(What the task asks):
Retype the whole listing, please, keeping every line exact and dropping the pictures.

(Provided data):
++++++++++

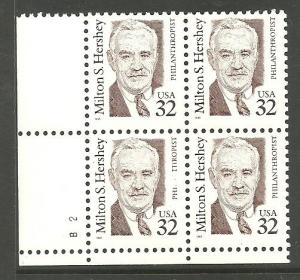 #2933 Milton Hershey Plate Block Mint NH Plate B2
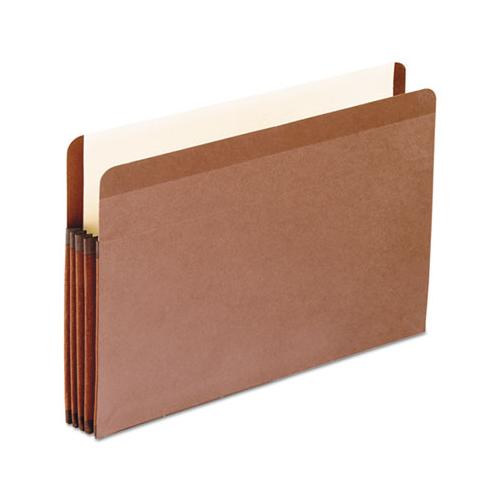 Premium Reinforced Expanding File Pockets, 3.5" Expansion, Legal Size, Red Fiber, 10-box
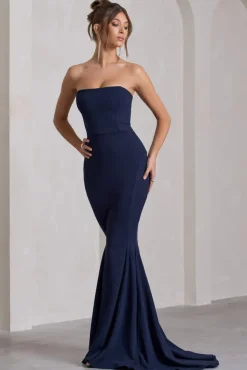 Impress Me | Navy Strapless Bandeau Fishtail Maxi Dress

++++++++++

(Task solution):
 #2933 Milton Hershey Plate Block Mint NH Plate B2
 Premium Reinforced Expanding File Pockets, 3.5" Expansion, Legal Size, Red Fiber, 10-box
 Impress Me | Navy Strapless Bandeau Fishtail Maxi Dress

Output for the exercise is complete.